__YOUR GOAL__: For the records that follow, please set down exactly the lines between the one holding "Rider on an electric dirt bike in the hills" and the one holding "wooden statues at the taos ski valley", inclusive, and only those.

__THE INPUT__:
+ + + + + + +

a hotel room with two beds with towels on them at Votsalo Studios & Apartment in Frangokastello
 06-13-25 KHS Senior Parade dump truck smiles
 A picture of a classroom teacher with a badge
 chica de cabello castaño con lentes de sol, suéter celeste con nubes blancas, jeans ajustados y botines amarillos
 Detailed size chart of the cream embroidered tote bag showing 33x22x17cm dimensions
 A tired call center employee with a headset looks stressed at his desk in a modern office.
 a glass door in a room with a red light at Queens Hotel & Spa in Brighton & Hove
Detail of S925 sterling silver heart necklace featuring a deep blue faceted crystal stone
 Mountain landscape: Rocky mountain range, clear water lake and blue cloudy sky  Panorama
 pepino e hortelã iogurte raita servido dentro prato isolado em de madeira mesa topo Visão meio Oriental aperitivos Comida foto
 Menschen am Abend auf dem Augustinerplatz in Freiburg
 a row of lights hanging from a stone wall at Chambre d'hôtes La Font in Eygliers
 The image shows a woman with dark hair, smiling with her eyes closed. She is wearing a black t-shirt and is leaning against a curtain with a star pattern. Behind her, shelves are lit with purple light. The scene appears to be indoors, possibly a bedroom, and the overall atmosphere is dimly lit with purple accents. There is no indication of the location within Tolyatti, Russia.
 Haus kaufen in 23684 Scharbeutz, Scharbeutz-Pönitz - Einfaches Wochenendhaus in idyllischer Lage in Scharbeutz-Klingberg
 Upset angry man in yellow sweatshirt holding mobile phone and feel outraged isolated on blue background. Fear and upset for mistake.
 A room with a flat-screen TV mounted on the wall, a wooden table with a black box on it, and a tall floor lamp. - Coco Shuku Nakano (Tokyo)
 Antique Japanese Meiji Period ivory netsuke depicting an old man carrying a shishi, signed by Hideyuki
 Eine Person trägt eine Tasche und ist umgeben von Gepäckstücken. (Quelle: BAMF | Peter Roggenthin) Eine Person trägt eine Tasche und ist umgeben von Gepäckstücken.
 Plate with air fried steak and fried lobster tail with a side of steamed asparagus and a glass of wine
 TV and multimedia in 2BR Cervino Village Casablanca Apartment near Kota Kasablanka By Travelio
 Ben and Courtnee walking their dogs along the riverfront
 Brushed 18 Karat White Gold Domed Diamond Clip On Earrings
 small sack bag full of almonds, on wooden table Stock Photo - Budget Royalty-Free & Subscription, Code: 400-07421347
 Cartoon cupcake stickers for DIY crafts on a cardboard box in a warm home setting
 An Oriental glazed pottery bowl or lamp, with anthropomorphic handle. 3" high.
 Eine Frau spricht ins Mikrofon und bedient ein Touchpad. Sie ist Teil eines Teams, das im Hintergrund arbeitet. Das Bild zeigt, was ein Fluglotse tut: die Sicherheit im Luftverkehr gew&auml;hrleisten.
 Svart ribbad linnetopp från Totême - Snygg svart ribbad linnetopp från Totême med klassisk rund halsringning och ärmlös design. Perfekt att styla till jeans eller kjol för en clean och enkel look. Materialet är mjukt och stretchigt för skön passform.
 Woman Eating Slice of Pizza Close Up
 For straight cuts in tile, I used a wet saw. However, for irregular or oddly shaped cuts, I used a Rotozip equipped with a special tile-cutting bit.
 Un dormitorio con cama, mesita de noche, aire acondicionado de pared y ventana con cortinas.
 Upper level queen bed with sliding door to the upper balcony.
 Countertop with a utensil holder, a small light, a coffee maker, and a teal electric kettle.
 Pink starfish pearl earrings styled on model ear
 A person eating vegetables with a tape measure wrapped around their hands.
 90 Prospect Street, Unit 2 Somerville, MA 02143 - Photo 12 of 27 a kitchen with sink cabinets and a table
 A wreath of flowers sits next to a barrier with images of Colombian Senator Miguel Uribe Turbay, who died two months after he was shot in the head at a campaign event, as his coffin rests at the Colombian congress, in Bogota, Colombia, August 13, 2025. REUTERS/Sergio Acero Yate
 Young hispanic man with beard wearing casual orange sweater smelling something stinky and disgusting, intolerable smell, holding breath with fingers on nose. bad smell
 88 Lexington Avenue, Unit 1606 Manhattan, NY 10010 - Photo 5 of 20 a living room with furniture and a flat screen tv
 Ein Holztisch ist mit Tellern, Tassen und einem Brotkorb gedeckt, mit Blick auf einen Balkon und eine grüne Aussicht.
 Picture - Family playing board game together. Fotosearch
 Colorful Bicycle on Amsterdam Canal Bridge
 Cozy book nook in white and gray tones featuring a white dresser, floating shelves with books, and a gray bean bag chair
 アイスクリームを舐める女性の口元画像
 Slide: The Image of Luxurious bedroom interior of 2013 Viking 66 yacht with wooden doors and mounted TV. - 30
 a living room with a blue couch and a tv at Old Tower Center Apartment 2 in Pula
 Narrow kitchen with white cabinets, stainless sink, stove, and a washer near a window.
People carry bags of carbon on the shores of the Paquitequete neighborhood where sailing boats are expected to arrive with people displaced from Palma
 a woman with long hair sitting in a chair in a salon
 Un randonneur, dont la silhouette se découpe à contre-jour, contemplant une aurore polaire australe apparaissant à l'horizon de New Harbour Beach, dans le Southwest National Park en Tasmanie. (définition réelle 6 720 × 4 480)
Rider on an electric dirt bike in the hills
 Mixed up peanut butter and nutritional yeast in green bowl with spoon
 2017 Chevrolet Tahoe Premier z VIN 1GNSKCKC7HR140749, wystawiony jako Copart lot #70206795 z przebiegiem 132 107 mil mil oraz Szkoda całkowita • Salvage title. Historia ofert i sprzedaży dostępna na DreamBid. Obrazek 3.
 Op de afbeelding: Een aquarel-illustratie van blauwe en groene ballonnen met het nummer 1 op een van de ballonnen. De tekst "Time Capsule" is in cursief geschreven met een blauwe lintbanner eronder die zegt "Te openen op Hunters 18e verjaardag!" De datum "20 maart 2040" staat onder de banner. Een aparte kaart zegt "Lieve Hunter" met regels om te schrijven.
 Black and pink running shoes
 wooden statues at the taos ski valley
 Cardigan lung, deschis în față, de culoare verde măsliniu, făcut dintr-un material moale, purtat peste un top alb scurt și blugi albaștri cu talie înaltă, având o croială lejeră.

+ + + + + + +

__SOLUTION__:
Rider on an electric dirt bike in the hills
 Mixed up peanut butter and nutritional yeast in green bowl with spoon
 2017 Chevrolet Tahoe Premier z VIN 1GNSKCKC7HR140749, wystawiony jako Copart lot #70206795 z przebiegiem 132 107 mil mil oraz Szkoda całkowita • Salvage title. Historia ofert i sprzedaży dostępna na DreamBid. Obrazek 3.
 Op de afbeelding: Een aquarel-illustratie van blauwe en groene ballonnen met het nummer 1 op een van de ballonnen. De tekst "Time Capsule" is in cursief geschreven met een blauwe lintbanner eronder die zegt "Te openen op Hunters 18e verjaardag!" De datum "20 maart 2040" staat onder de banner. Een aparte kaart zegt "Lieve Hunter" met regels om te schrijven.
 Black and pink running shoes
 wooden statues at the taos ski valley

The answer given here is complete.